25. The complainant also referred to Article 11(5) of Regulation 216/2008, which reads as follows: "Pending the entry into effect of the measures referred to in Article 8(5) and the expiry of any transition periods provided for by those measures, and without prejudice to Article 69(4), certificates which cannot be issued in accordance with this Regulation may be issued on the basis of the applicable national regulations." He furthermore invoked Article 3(e) of Regulation 216/2008, which reads as follows: "‘certification’ shall mean any form of recognition that a product, part or appliance, organisation or person complies with the applicable requirements including the provisions of this Regulation and its implementing rules, as well as the issuance of the relevant certificate attesting such compliance;". Against this background, he submitted that, as long as no uniform licence for independent certifying staff exists, a national licence would have to be considered as the equivalent of a Part 66 licence.

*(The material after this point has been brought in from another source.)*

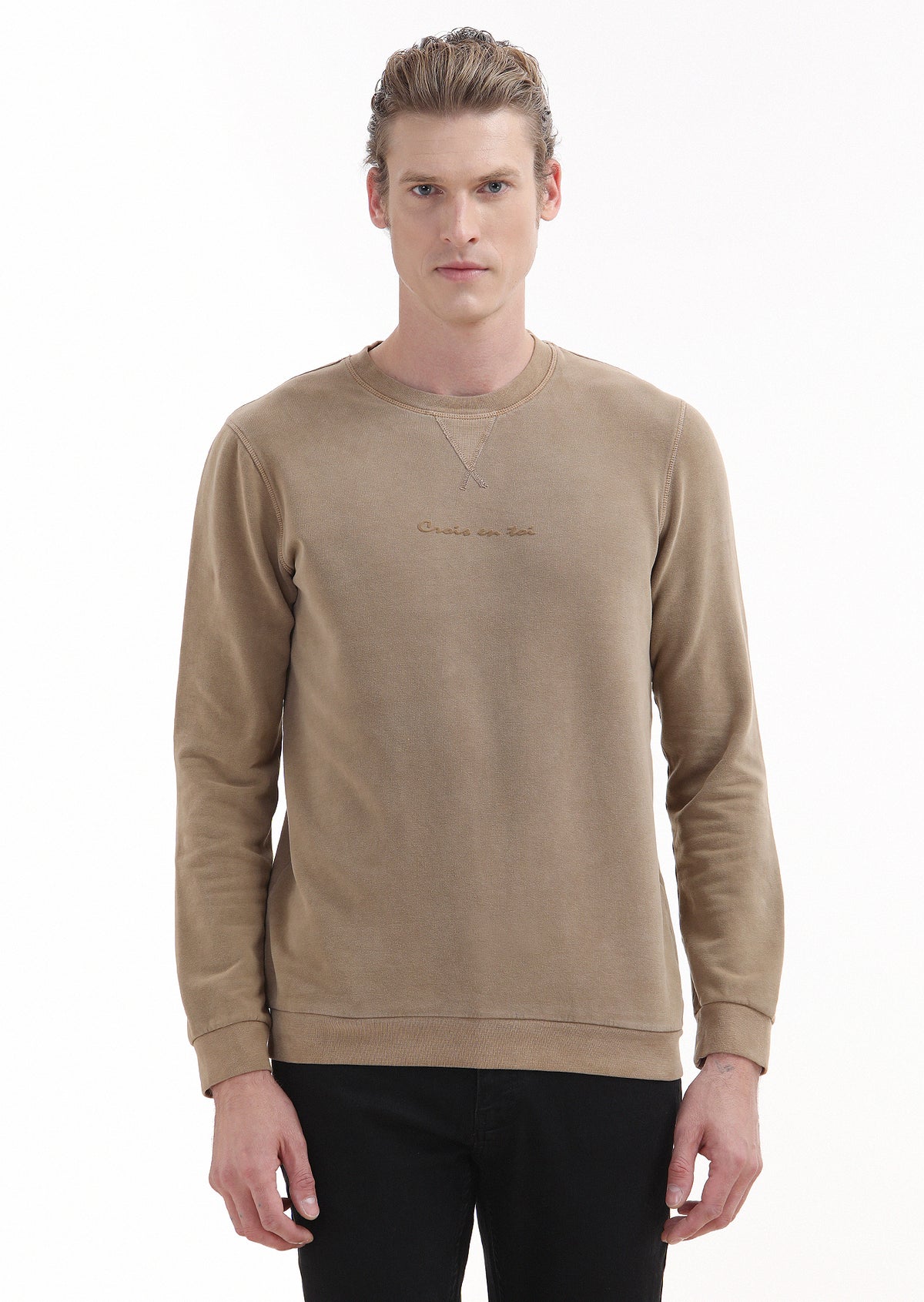 Deve Tüyü Bisiklet Yaka Baskılı Sweatshirt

26. The complainant pointed out that EASA had insinuated that safety would be at risk if hot-air balloons were maintained by certifying staff licensed in another Member State. He contradicted this view by pointing out that if a national authority issued a licence to independent certifying staff, it would have to ensure that the staff satisfied the relevant standards. He also submitted that the competent authority of the State of registry could, in case of doubt, verify whether independent certifying staff charged with releasing an aircraft hold an appropriate licence. The same would apply if the competent authority were to check the licence of a maintenance organisation approved by another country, if an aircraft were maintained by that organisation.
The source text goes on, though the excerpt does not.